Your assignment. Using the data below, restate exactly every line from the one with "This training video" up to and including the one with "To set your". No picture belongs in it.

Information.
"""

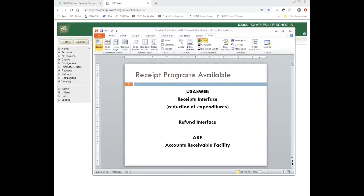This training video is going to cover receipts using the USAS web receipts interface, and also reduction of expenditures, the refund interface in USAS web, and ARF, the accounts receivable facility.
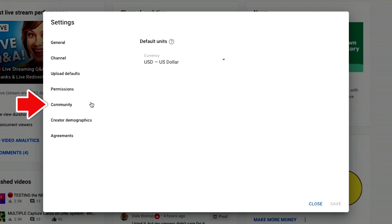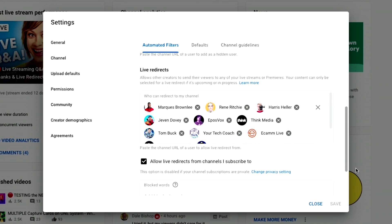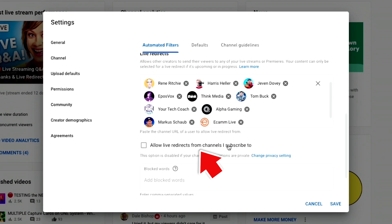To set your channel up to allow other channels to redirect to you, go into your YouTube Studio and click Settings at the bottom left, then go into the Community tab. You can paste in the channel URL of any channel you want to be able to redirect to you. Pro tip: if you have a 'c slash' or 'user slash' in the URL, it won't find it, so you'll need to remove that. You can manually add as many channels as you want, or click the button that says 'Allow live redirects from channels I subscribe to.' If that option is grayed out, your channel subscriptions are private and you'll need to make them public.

"""
"""

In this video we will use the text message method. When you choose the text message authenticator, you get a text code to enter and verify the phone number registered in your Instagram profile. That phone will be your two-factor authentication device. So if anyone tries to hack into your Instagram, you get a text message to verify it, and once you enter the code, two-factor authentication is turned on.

"""

Finished exercise.
This training video is going to cover receipts using the USAS web receipts interface, and also reduction of expenditures, the refund interface in USAS web, and ARF, the accounts receivable facility.
To set your channel up to allow other channels to redirect to you, go into your YouTube Studio and click Settings at the bottom left, then go into the Community tab. You can paste in the channel URL of any channel you want to be able to redirect to you. Pro tip: if you have a 'c slash' or 'user slash' in the URL, it won't find it, so you'll need to remove that. You can manually add as many channels as you want, or click the button that says 'Allow live redirects from channels I subscribe to.' If that option is grayed out, your channel subscriptions are private and you'll need to make them public.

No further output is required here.